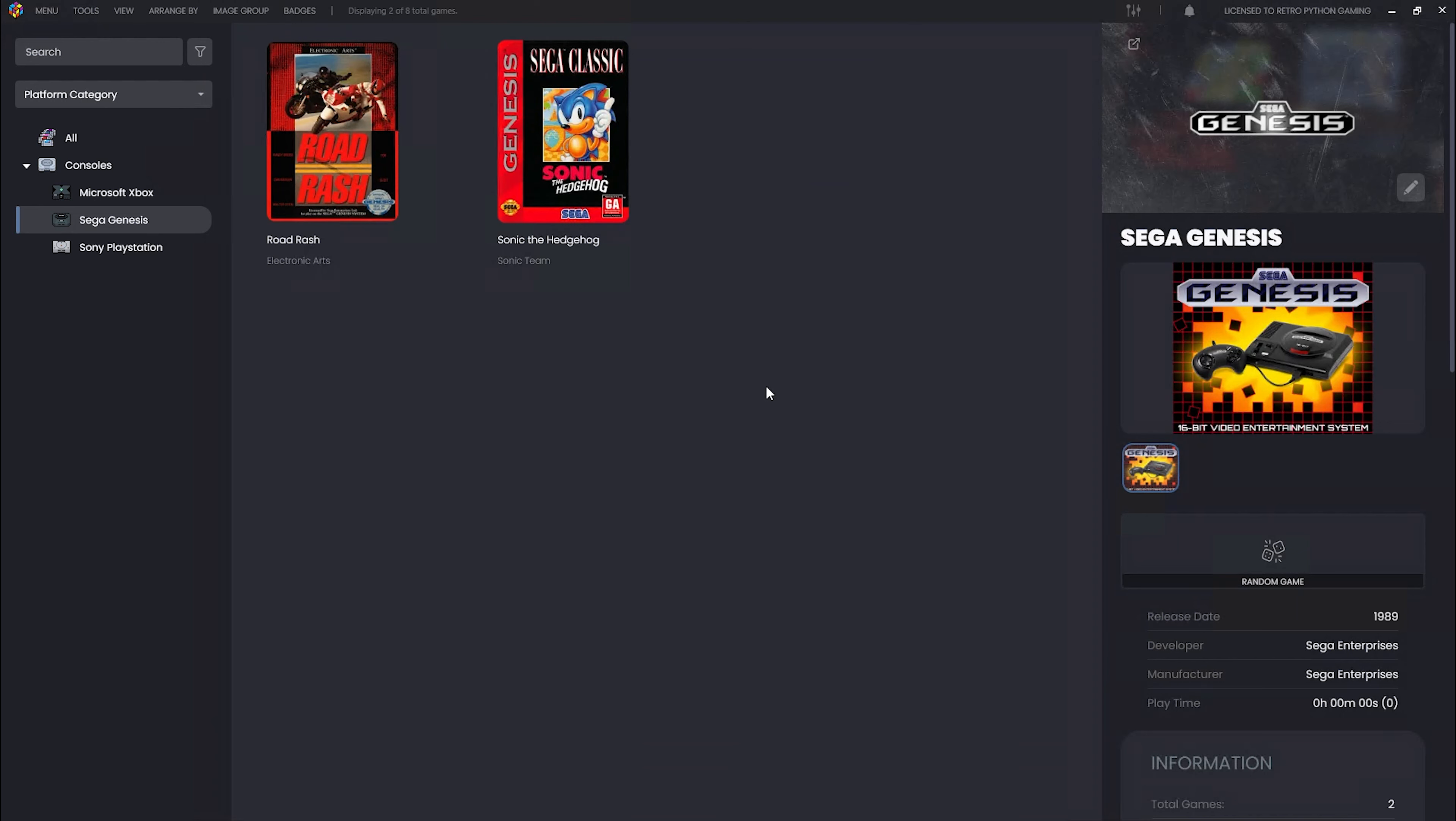Well, there you have it. We hope you enjoy the awesome automated import ROM feature. It's a real game changer. Hopefully this video answers any questions. If it did not, you know the rules: questions, comments down below. RetroPython for LaunchBox. Until next time, happy gaming.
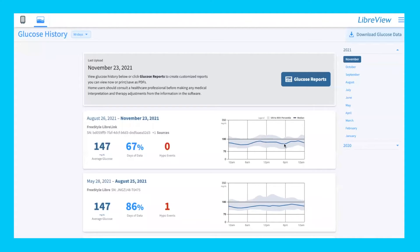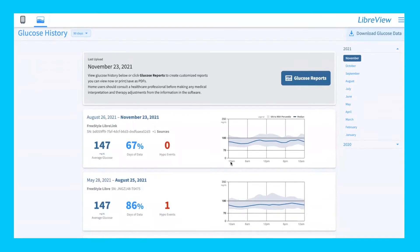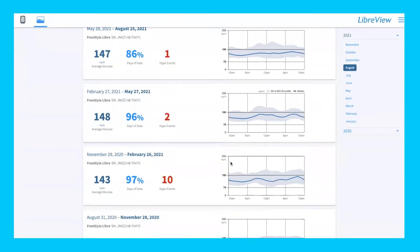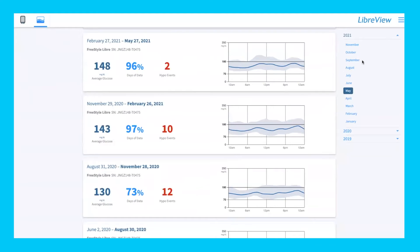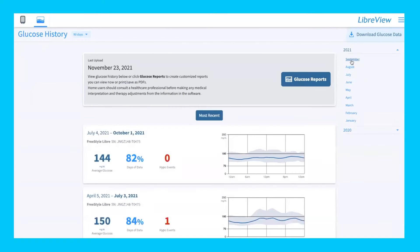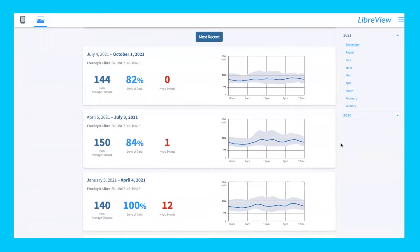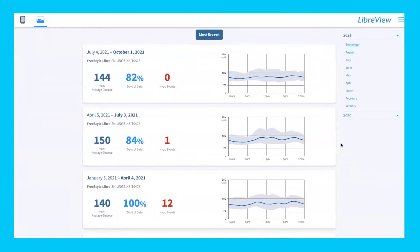The shaded gray area shows your fifth to 95th percentile intervals — it represents your average, but also the lowest and the highest values. You'll see that across several months. On the right-hand side, if you want to look at a specific month, you can just click on that month, and it'll show you all the information from that month.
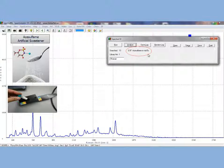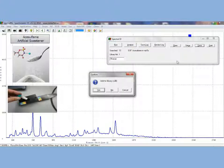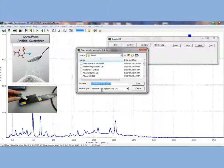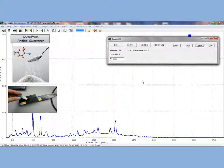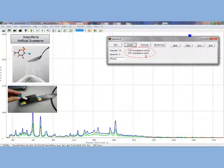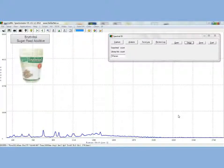Now hold down the red laser button and collect the spectrum at 10 seconds acquisition time. If you click analyze you see you have a 97% match for acesulfame in a vial at 5 seconds. Now let's add the 10 second spectral acquisition to the library. When we click analyze we will see both of them pop up on our match. You can clearly see that the integration time set with 5 seconds and with 10 seconds give you similar results.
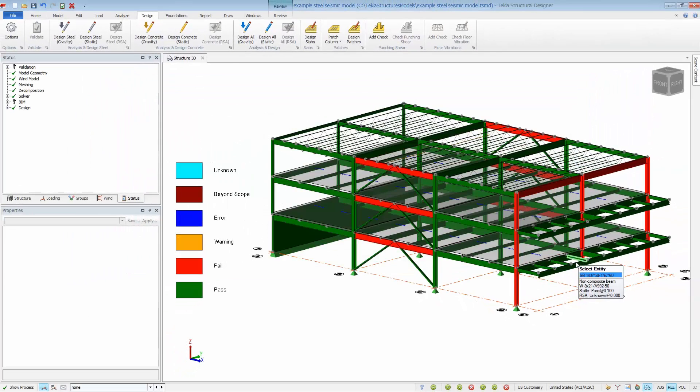That brings us to the end of this brief video on automating seismic design in Tekla Structural Designer.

** What you need to do **
Keep the pictures out of the copy and return the rest of the data above exactly.

** Written answer **
Well, there you have it. We hope you enjoy the awesome automated import ROM feature. It's a real game changer. Hopefully this video answers any questions. If it did not, you know the rules: questions, comments down below. RetroPython for LaunchBox. Until next time, happy gaming.
The shaded gray area shows your fifth to 95th percentile intervals — it represents your average, but also the lowest and the highest values. You'll see that across several months. On the right-hand side, if you want to look at a specific month, you can just click on that month, and it'll show you all the information from that month.
Now hold down the red laser button and collect the spectrum at 10 seconds acquisition time. If you click analyze you see you have a 97% match for acesulfame in a vial at 5 seconds. Now let's add the 10 second spectral acquisition to the library. When we click analyze we will see both of them pop up on our match. You can clearly see that the integration time set with 5 seconds and with 10 seconds give you similar results.
That brings us to the end of this brief video on automating seismic design in Tekla Structural Designer.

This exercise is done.